Rachel Bartel ’24 was at a crossroads in 2020. The first-year student loved her new community at the University of St. Thomas, but she yearned for a piece of home. A longtime sailing enthusiast, she needed to get back on the water.
“At first it was something I thought I didn’t need in college, but of course, as soon as I got to St. Thomas, I knew I had to have the best of both worlds,” Bartel said.
In the Land of 10,000 Lakes you’re never very far from water and so Bartel took matters into her own hands. She reestablished the university’s club sports sailing team and brought the college sailing community to St. Thomas.
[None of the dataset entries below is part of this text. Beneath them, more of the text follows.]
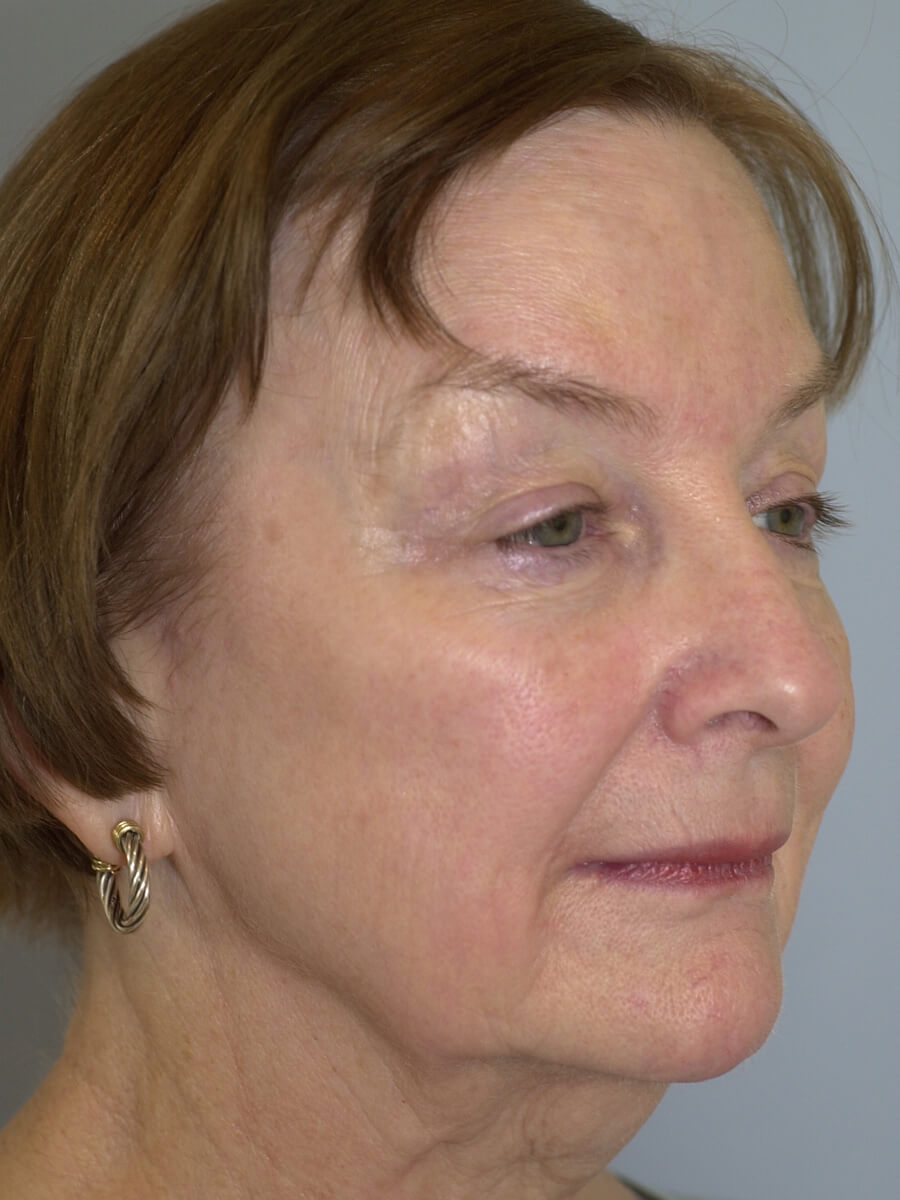 Case--9554 | Before Face 2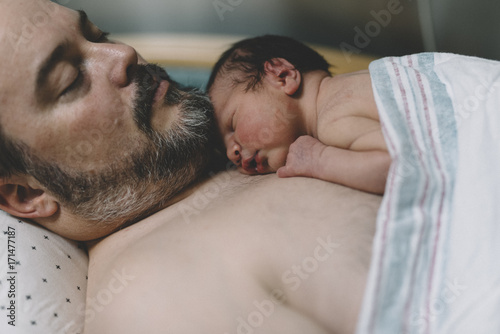 Skin on skin bonding
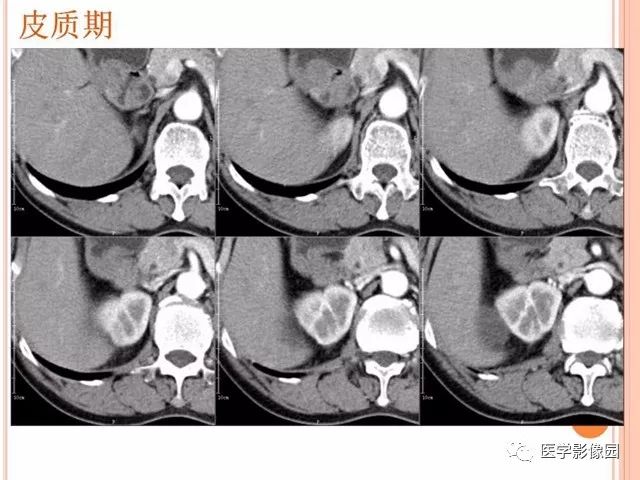 【病例】右肾囊性肾癌1例CT影像表现 【病例】右肾囊性肾癌1例CT影像表现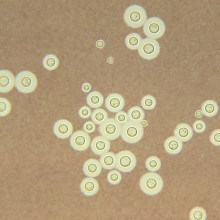 Crytococcus neoformans, a radiotrophic fungus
Bartel’s journey into the world of club sports is rapidly becoming a common thread at St. Thomas. The university’s club sports program has experienced a mega boom of interest and participation in the last five years.
In 2018 the program featured just six teams and around 100 students. This fall, the program boasts 19 teams and some 500 participants.
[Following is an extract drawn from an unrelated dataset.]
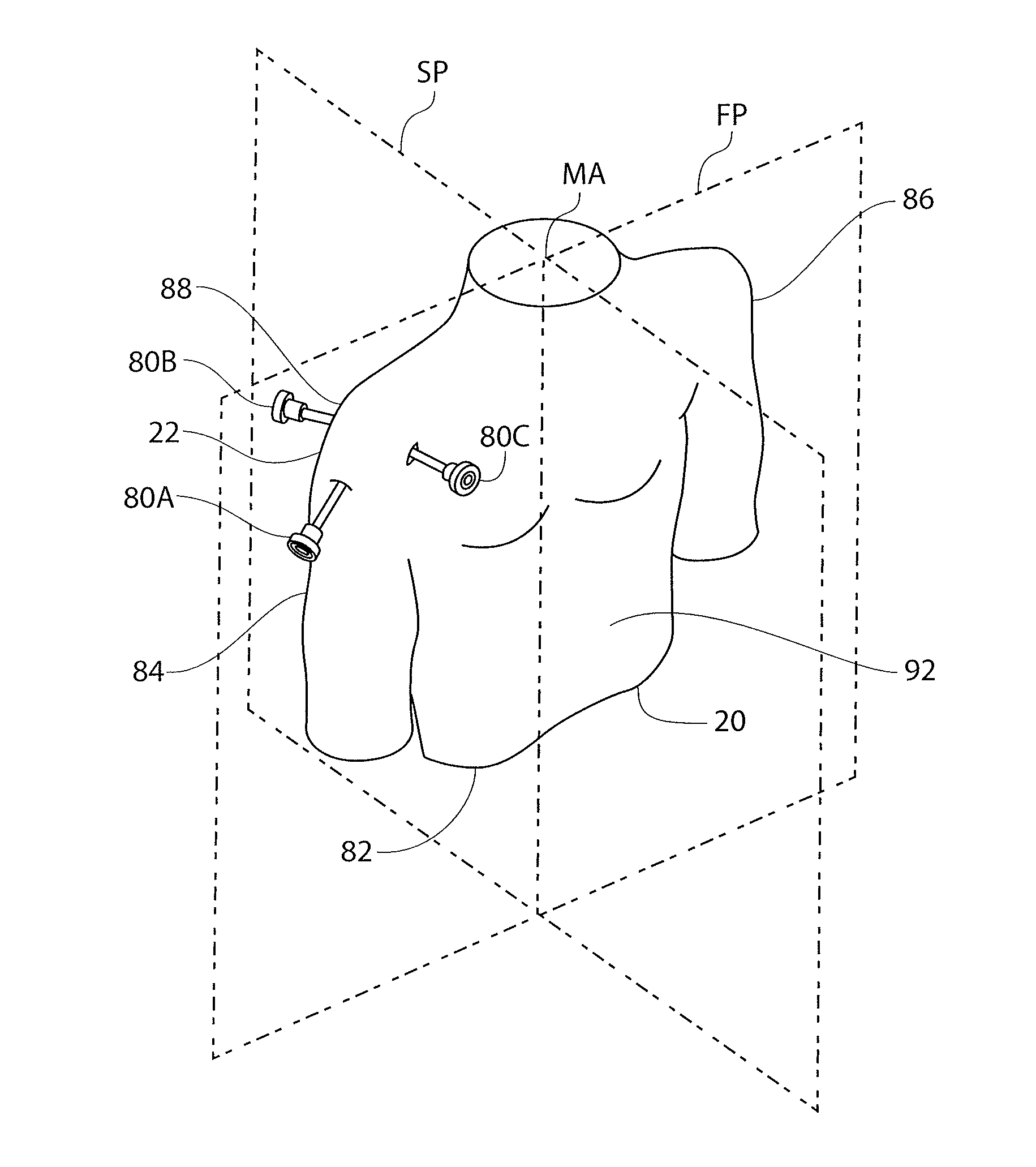 Anatomical location markers and methods of use in positioning sheet-like materials during surgery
Amid the expansion, Bartel’s sailing team is thriving. About two dozen student sailors now practice out of the Wayzata Sailing Club on Lake Minnetonka. On weekends they travel to regattas across the Midwest, placing alongside the top national teams on the water.
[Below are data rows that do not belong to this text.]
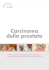 Carcinoma della prostata
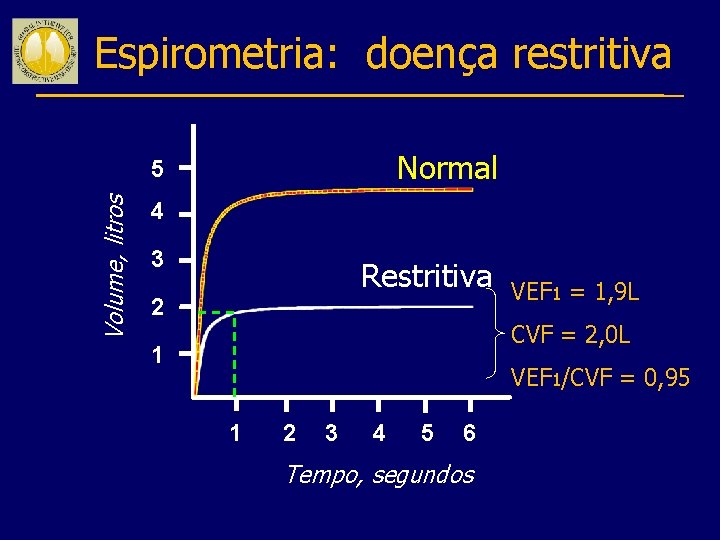 Espirometria: doença restritiva Normal Volume, litros 5 4 3 Restritiva 2 VEF 1 =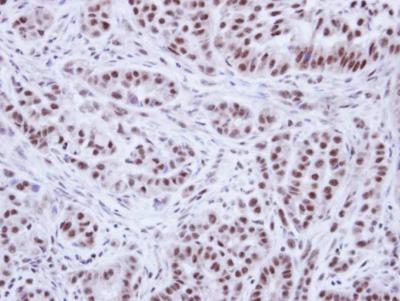 Immunohistochemistry (Formalin/PFA-fixed paraffin-embedded sections) - Anti-WTAP antibody (AB155655), expandable thumbnail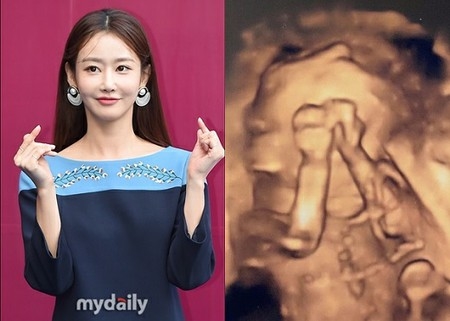「CRAYON POP」出身ソン・ボラム、第二子の妊娠発表「ときめき半分、心配半分」(WoW!Korea)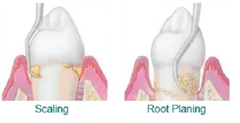 <p>Root planing</p>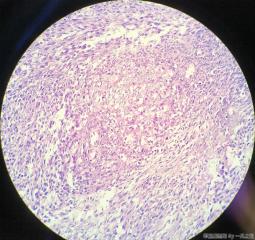 子宫粘膜下肌瘤图23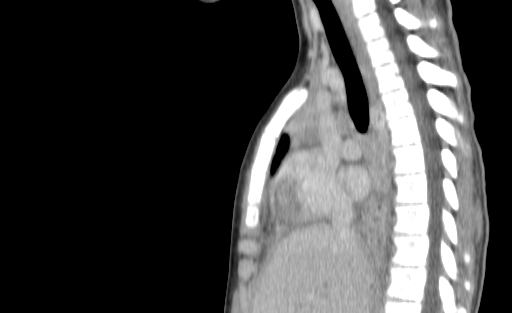 Bronchial mucoepidermoid carcinoma (Radiopaedia 57023-63895 Sagittal 106).jpg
“When I came to St. Thomas, I didn’t know that I’d be starting a whole club. I didn’t know that I would literally make a club to find my best friends,” Bartel said. “It’s so surreal knowing I created something that allows others to also find a place and space that gives them a sense of belonging at St. Thomas.”
Behind the record growth
Club sailing is just one of the success stories. Recent additions include esports and men’s soccer. And three new clubs are joining the ranks just this fall: women’s softball, women’s hockey, and co-ed Nordic skiing.
So, what’s behind the mega boom? According to club sports director Kevin Manson, the conditions simply blossomed after the university made the switch to a Division I athletics program.
“This Division I era has really opened the door for so many of our club sports to truly come into their own,” Manson said. “The move helped separate our programs and create the space for growth.”
Club sports compete against other colleges and universities at the club (non-NCAA) level. But their schedule is generally far less stringent than that of a Division I athletics program. This creates a sweet spot for many participants.
Student-athletes who are considering St. Thomas, but who may not want to commit to a D-I sports program, often are excited at the prospect of joining a club sports team instead.
“Club sports are an important asset for the university, especially when you look at the benefits for students,” Manson said. “They offer the opportunity to find friends for life and many can pursue a sport that they still have a passion for after high school.”
Creating a team from scratch
Helping drive the record expansion at St. Thomas: Club sports are student-led and student-organized. All it takes is one student to make the request to start a team. After that, students organize their own competitions and do their own recruiting and marketing.
Jayda Johnson ’26 knows firsthand just how much work it takes to start a team from scratch. She’s the co-founder of this year’s brand-new women’s club hockey team. Johnson has been busy getting ready for the inaugural season by scheduling games and coordinating practice ice time at Charles M. Schulz-Highland Arena.
“I’m not going to lie, it’s been a lot of work behind the scenes,” Johnson said. “But it’s exciting to see it actually coming together, to watch this group of girls finally hit the ice.”
Johnson picked up hockey in kindergarten. Coming to St. Thomas, she didn’t want to let that passion fade.
“I’ve played hockey my entire life, and I really missed it, but I didn’t want to be on the D-I team at St. Thomas – that would have been too much of a time commitment,” Johnson said. “Despite all the work, this team, and the chance to get skating again, was the right fit.”
Looking into the future
Club sports are hardly new to the University of St. Thomas. The men’s rugby team is celebrating its 50th anniversary this year. Rowing has been around since 1965 and lacrosse has been organized since 1987.
But right now, it’s hard to ignore the momentum surrounding these new additions. And the expansion is hardly over. In fact, the race to become the university’s 20th club sport is already on. Discussions are underway with director Manson to add pickleball and women’s rugby.
“We still have plenty of room for growth,” Manson said. “And it’s incredible to see these students putting in the work, to make their passion, their sport, a reality at St. Thomas.”
Back on Lake Minnetonka, Rachel Bartel is savoring her final year as president of the club sailing team. For this team founder, it’s crystal clear what club sports can do for Tommies.
“It’s honestly so surreal, that with a simple idea, our team grew from one, which was me, to about 20 people,” Bartel said. “Pursuing my passion with these people at St. Thomas has been amazing, and to share that with them, my new friends, means everything.”